Make your app safer with HTTP Security Policy

The World Wide Web is changing, users don’t realise but web protocols are improving a lot. We are moving the web from TCP to UDP for faster communications, we can use Multipath TCP and HTTP/2 for better performance and security, and we also have increasingly better Web Services and WebSockets thanks to HTML5. Therefore, I’m going to write about some security mechanisms to protect websites because, although I’m not a developer, I think it’s important to known how next generation protocols work to protect our services and the company we are working for.

The first and most used security mechanism by main webservers is HSTS or HTTP Strict Transport Security. This is an HTTP header sent from web servers to clients, for instance browsers, to ask them to use HTTPS instead of HTTP for a period of time specified by the “max-age” attribute. Consequently, HTTP can be used for the first access from clients to websites but HTTPS is used thereafter and the change from HTTP to HTTPS will be done natively by clients instead of redirections by web servers. However, the first HTTP connection can be used by attackers that along with a MITM attack and SSL Strip attack the confidentiality can be compromised. As a result, browsers have a preload list with websites which should be accessed by HTTPS even in the first connection. However, the preload list mechanism is not scalable because all websites can’t fit into only one list thus DNSSEC could be the solution.

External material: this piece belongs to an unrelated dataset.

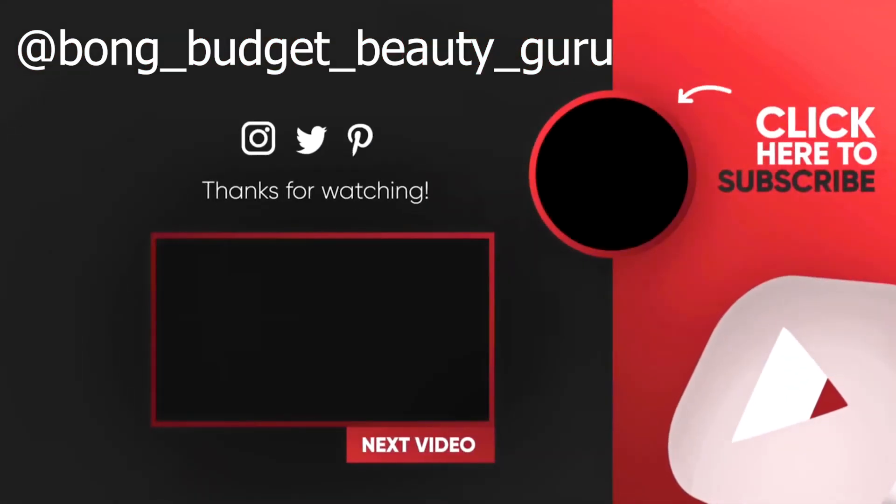This bold red color is so good for party time — Durga Puja is on its way and we'll have so many parties, night outs, and festivities. This bold red can be your statement look. This look is easy and I believe you can do it! If you do it, please DM me your picture on my Instagram — the link is in the description below. You can also find me on Facebook. Bye!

HTTP Strict Transport Security
Another security mechanism delivered via an HTTP header is HPKP or HTTP Public Key Pinning. This security feature is used by few sites and even we could say it’s nearly dead because Chrome has already announced their plans to deprecate and remove support for HPKP. This is a security protocol to prevent fraudulently issued TLS certificates from being used to impersonate existing secure websites.

HTTP Public Key Pinning
CSP or Content Security Policy is another security mechanism to prevent XSS and data injection attacks. This security standard is implemented in web servers and the security policy is delivered via an HTTP header, like HPKP and HSTS, to browsers. The aim of the security policy is to tell browsers what are the trustworthy source content to prevent code execution by malicious scripts into victim’s browser.

Content Security Policy

There are many tools to help us to know which websites are properly secured. For instance, HSTS Preload List Submission is a website where we can enter a domain to check if that domain is preload into main browsers, and even we can submit our own domain to be inside into the preload list. Another interesting tool is where we can analyse HTTP response headers to know if the web server is protected with security headers like “Strict-Transport-Security”, “Content-Security-Policy”, “X-Content-Type-Options”, etc. On the other hand, if we want to know which websites we have visited with HSTS or HPKP, we can install the Pin Patrol plugin into our browser.

Analyse HTTP response headers
These are some of the security mechanism we have to take into account when we are protecting web servers and users. For example, it’s too important to know how HSTS works when we are configuring SSL inspection in a firewall to make exceptions and allow websites which are configured with this security feature.

Regards my friends and keep protecting your web servers!!!